Work instruction: Could you repeat the records below exactly, without the pictures?

START Data shown

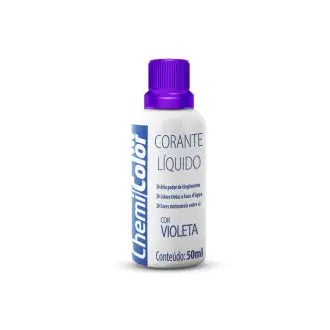 Corante Líquido Chemicolor Violeta 50G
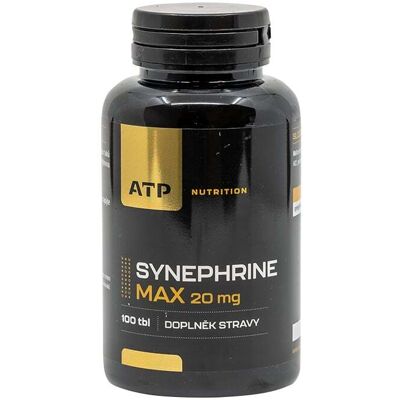 ATP Synephrine Max 20 mg 100 tablet ATP Synephrine Max 20 mg 100 tablet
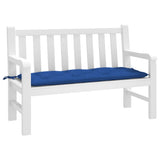 vidaXL Tuinbankkussen 100x50x7 cm oxford stof antracietkleurig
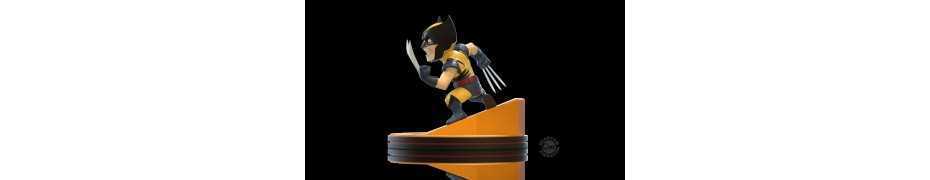 Marvel - Q-Fig Diorama Wolverine (X-Men) figure 4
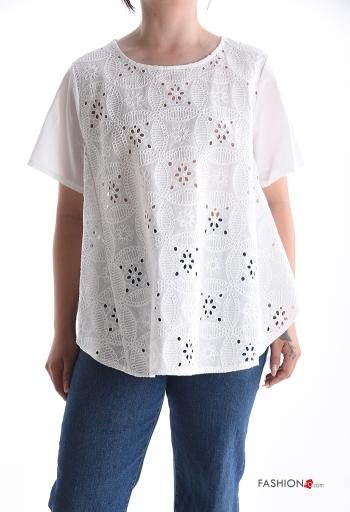 Blusa in Cotone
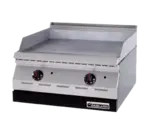 Garland US Range ED-36G Designer Series 36'' Countertop Electric Griddle with Thermostatic Controls, 208 Volts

END Data shown

Solved problem:
 Corante Líquido Chemicolor Violeta 50G
 ATP Synephrine Max 20 mg 100 tablet ATP Synephrine Max 20 mg 100 tablet
 vidaXL Tuinbankkussen 100x50x7 cm oxford stof antracietkleurig
 Marvel - Q-Fig Diorama Wolverine (X-Men) figure 4
 Blusa in Cotone
 Garland US Range ED-36G Designer Series 36'' Countertop Electric Griddle with Thermostatic Controls, 208 Volts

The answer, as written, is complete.